If turnout remains low during next week’s five days of early voting and on Election Day, Dec. 4, it could bode well for Aitken, who defeated Fennoy three years ago in a low-turnout runoff that ended a 13-year-old even racial split on the 10-member Augusta Commission.
The 5-5 arrangement, which some Augustans have said was mandated by the consolidated government’s charter, ended even though the district is more than 65 percent black, both in voting-age population and residents.
Higher turnout at Eastview, however, might indicate greater support this time for Fennoy, who swamped Aitken at that large precinct three years ago, 509 votes to 87.
Turnout might be lower now because of the Thanksgiving holiday and could pick up next week, said Travis Doss, the assistant director of the Board of Elections.
Early voting resumes at Monday at the board of elections office in the Augusta-Richmond County Municipal Building, 530 Greene St.
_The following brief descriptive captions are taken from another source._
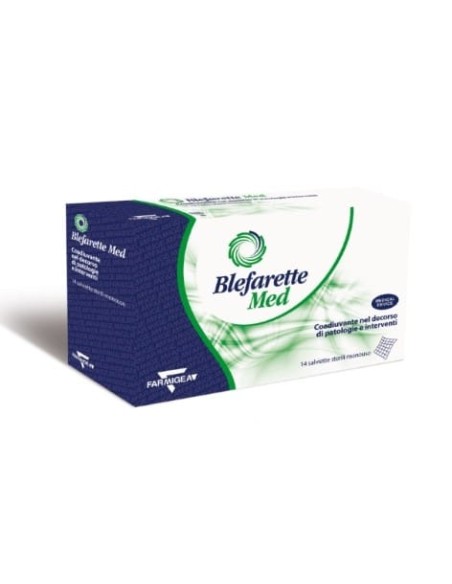 SALVIETTINE OCULARI MEDICATE BLEFARETTE MED 14 PEZZI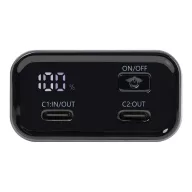   Tactical Squad Company USB-C Power bank / külső akkumulátor kijelzővel, 10000mAh, 30W, térkép minta, ezüst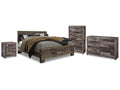 Derekson Multi Queen Panel Storage Bedroom Set, Gray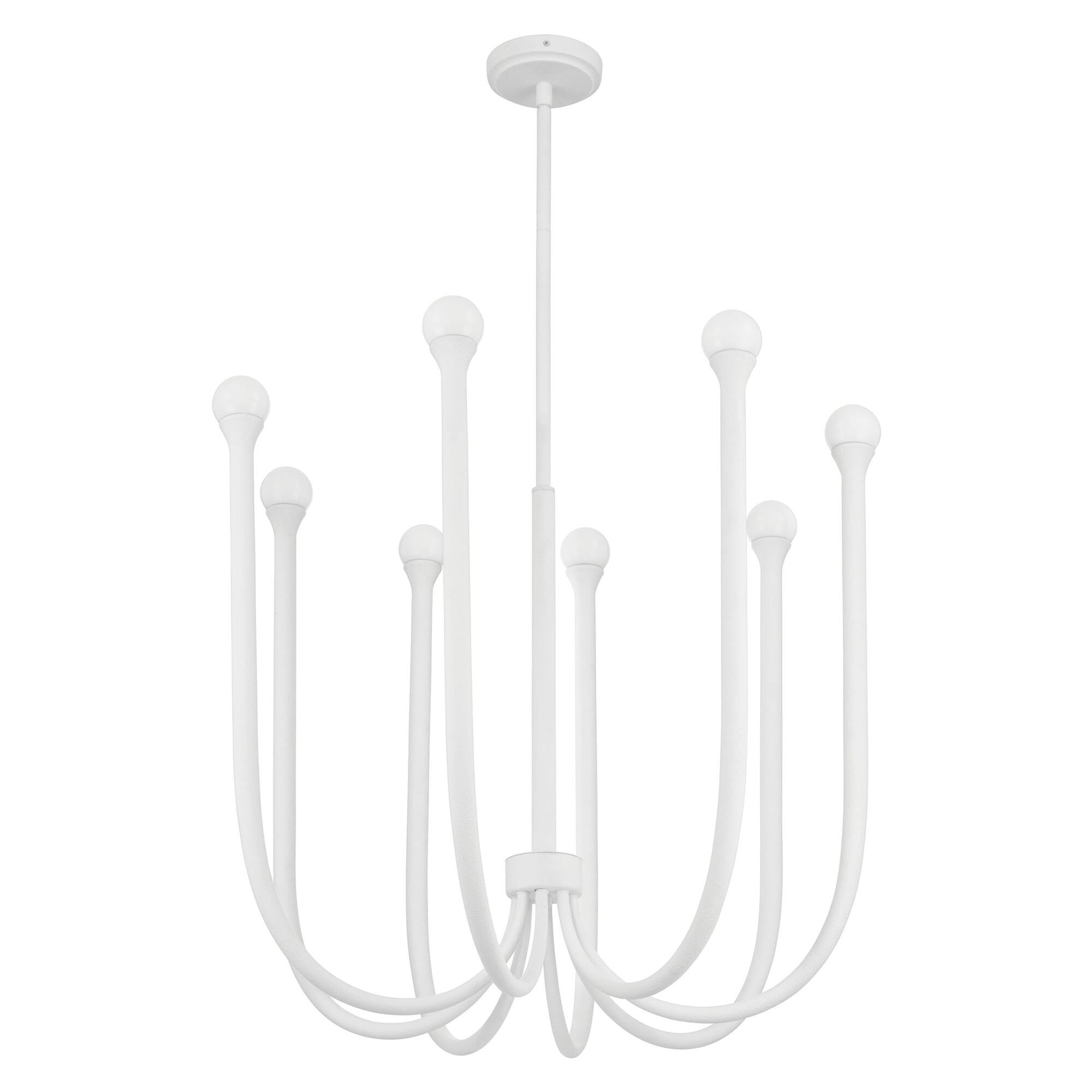 Shown in Plaster White finish and Opal glass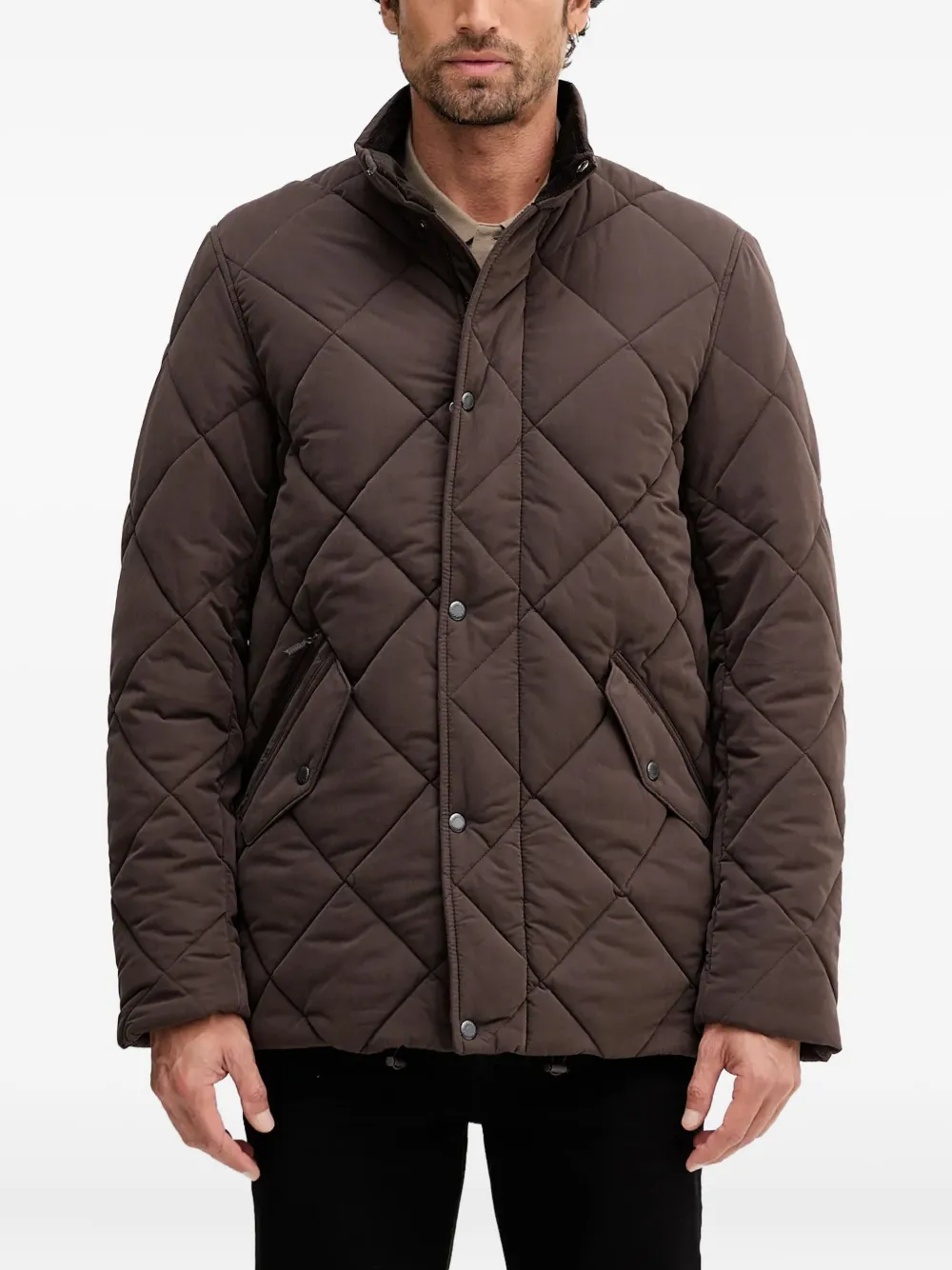 Barbour quilted buttoned jacket | Brown | Image 1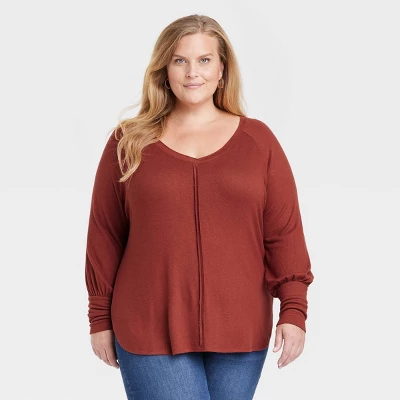 Women's Long Sleeve Knit Top - Knox Rose™ 3 Women's Long Sleeve Knit Top - Knox Rose™ - Image 3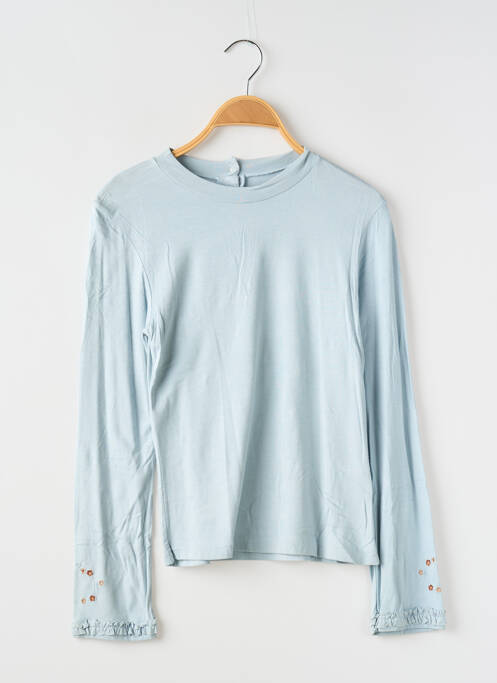T-shirt coupe cintrée manches longues gris POMME FRAMBOISE fille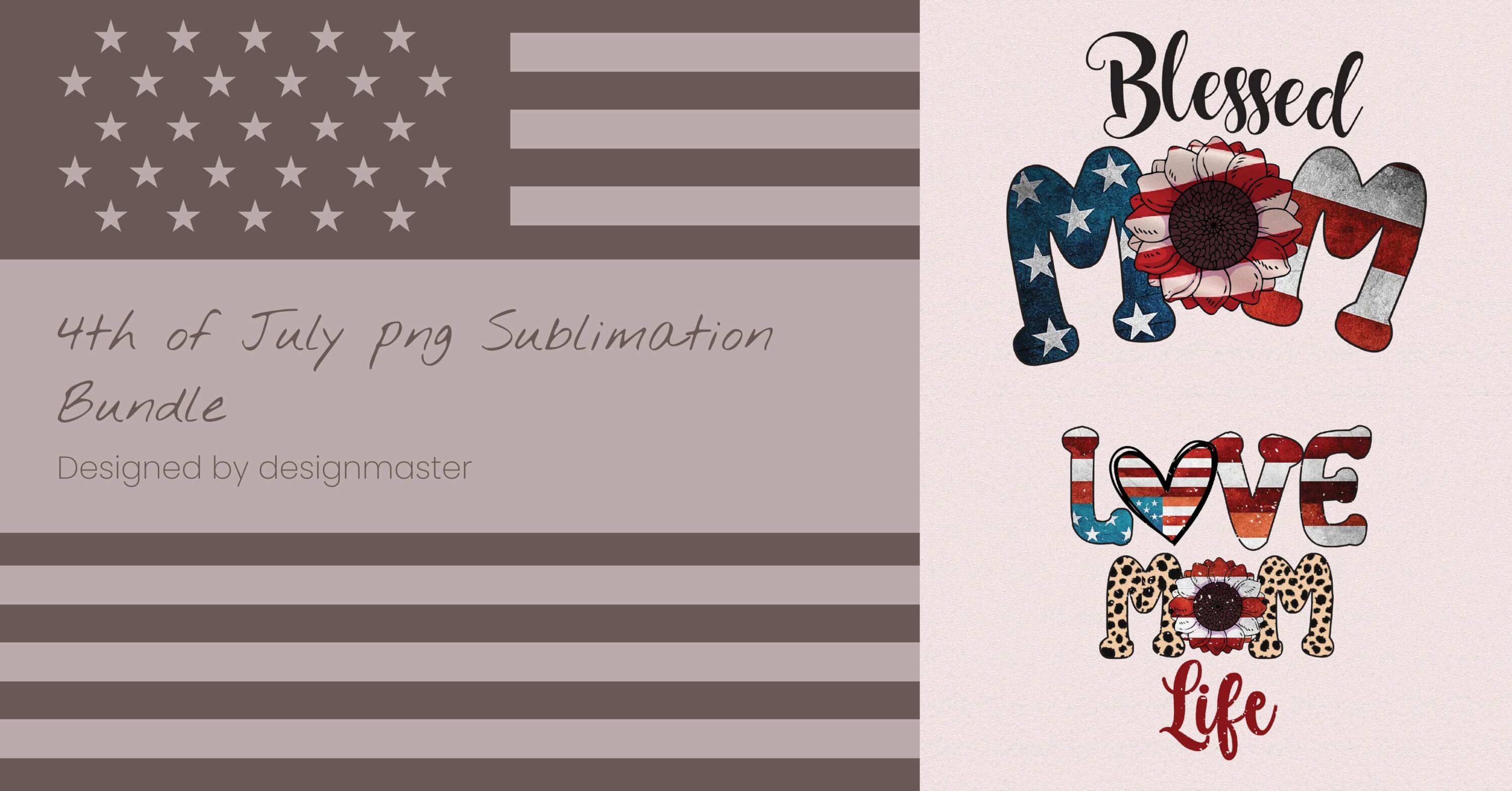 4th of July PNG Sublimation Bundle facebook image.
Hours are 8:30 a.m. until 6 p.m. weekdays.
On Dec. 4, the district’s 14 polling places will be open.
Aitken and Fennoy, a retired health educator, are in a runoff after none of the candidates in a four-way contest Nov. 6 won a majority of the vote. Aitken received 40 percent and Fennoy had 30 percent. Challengers Stanley Hawes and Denice Traina received around 15 percent of the vote each.
Neither Fennoy nor Aitken, who said he was taking the week off from campaigning, returned phone calls Wednesday.